Article 1
Summary by Kevin A. Walker
Planet detection techniques were
very successful in finding large gas giants and small rocky planets very close
to their stars. Kepler 186f became the first Earth-sized rocky planet found to
lie within the habitable zone of its star, meaning that it can sustain liquid
water. Unsurprisingly, Kepler 186f orbits an M-Dwarf, by far the most common
type of star in the galaxy. The creatively named star Kepler 186 is only about
half the size of the Sun and much cooler. Kepler 186f has four other planets in
its solar system, all of which lie within its orbit.
Confirming Kepler 186f as a
planetary candidate proved to be very challenging for astronomers. The planet
was first discovered using the transit method in which the brightness of the
host star drops while the planet passes in front and obscures part of the light.
However, similar changes in brightness can be explained in many ways.

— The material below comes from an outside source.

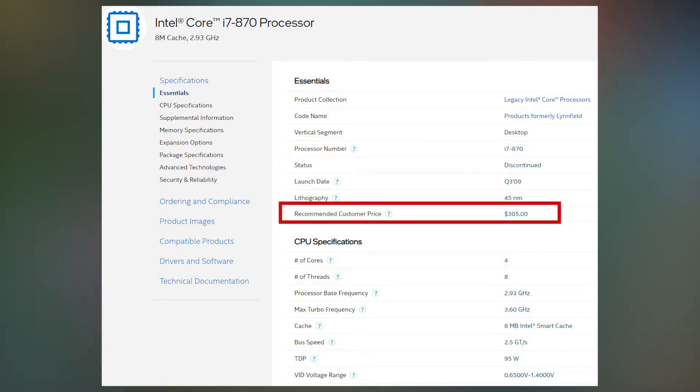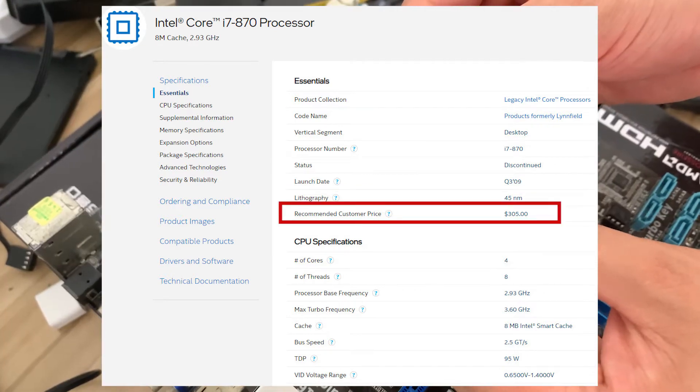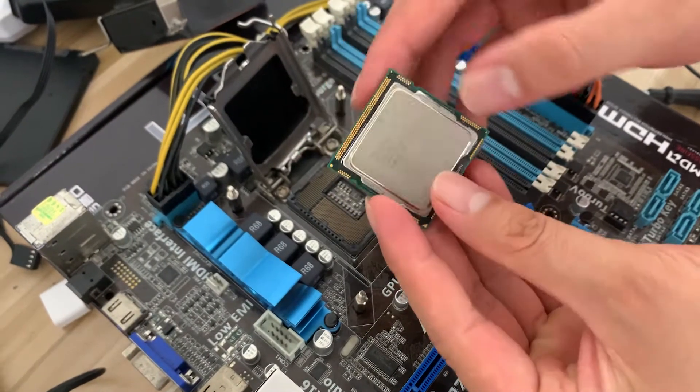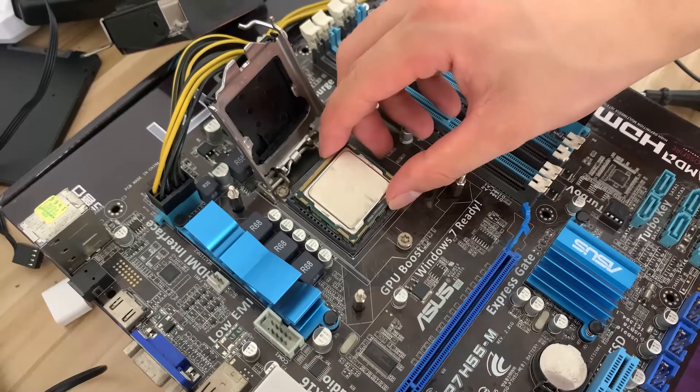At that time, the published price was 305 US dollars. Now the used one price is about $50. Let's assemble the computer and test it.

Astronomers first had to rule out the possibility that fluctuations in the
brightness of background stars could have mimicked a planetary transit. They
found that this had just a 0.5% chance of occurring relative to change being
due to a transit. Astronomers also had to rule out the possibility that Kepler
186 was in a binary system. The probability of this being true was determined
to be less than 0.2%. Astronomers could then confidently agree that there were
indeed five planets orbiting Kepler 186.
Although we know that Kepler 186f
has a radius about 1.11 times larger that the Earth’s, we cannot determine its
mass. Estimates range from 0.32 to 3.77 times the mass of the Earth, based on
various possible compositions of this planet. Due to what we know about
planetary formation and stellar evolution, it is believed that Kepler 186f does
not have an atmosphere, or at lease one that is not hydrogen-rich.
All of the planets that we know to
orbit Kepler 186 lie in the same plane and orbit in the same direction, leading
astronomers to believe that these planets formed in a proto-planetary disk
similar to the one Earth formed in. Unlike our solar system however, the four
interior planets of the Kepler 186 system have all become tidal locked. Nothing
is known about the rotation rate of Kepler 186f, but even if it were tidal
locked, this would not exclude it from being able to sustain liquid water.
Kepler 186 remains relatively
undisturbed by the orbit of its planets, meaning that the planets must have
regular orbits.
Article 2
The paper suggests that the planets either formed at their current position or formed at a more distant radius and migrated inwards. One inconsistency that was observed between formation models and the observed system is the spacing of the planets. All the simulations predicted a planet between Kepler 186-e and Kepler 186-f but there are no observations of such a planet. If the system formed further out and drifted in, the gap could be explained. On the other hand if the system formed close to its current location, there is most likely at least one planet in between e and f. Such a planet might be a few degrees off of the orbital plane of the system, accounting for the lack of observation of the planet.
The two theories on planet formation also affect the likelihood of water on the planets in the system. If the planets formed in their current location, they likely do not have much water. Even 186-f is just inside the predicted frost-line, the point after which water is solid, of the system. Water would have to reach the planets from some other means. If, however the planets formed further out, they could have gathered water and brought it closer in when they migrated.
The possibility of water on Kepler 186-f and the fact that its orbit that falls in the habitable zone makes it a candidate for sustaining life. It lies near the far end of the habitable zone so liquid water is not guaranteed. Whether or not the water would be liquid depends its atmosphere and whether or not the planet can maintain a strong greenhouse effect. Further analysis of the planet’s environment has suggested that photosynthesis would be possible given the right atmosphere. The paper points out that the habitable zone is not necessarily a great way to determine whether life is possible or likely. Many factors other than the presence of liquid water can add and subtract to the likelihood of life.
The paper also looks at the rotation and stability of the different planets. The simulations found that the inner four planets are most likely tidally locked, with 186-f having the strong possibility of being tidally locked. The models found that the system is very stable, even in cases where the planets were more massive than they most likely are.
This paper used models and a variety of input parameters to show the workings of the Kepler 186 system. It shed light on the possibility of life in the system and suggested different explanations for how the system was formed.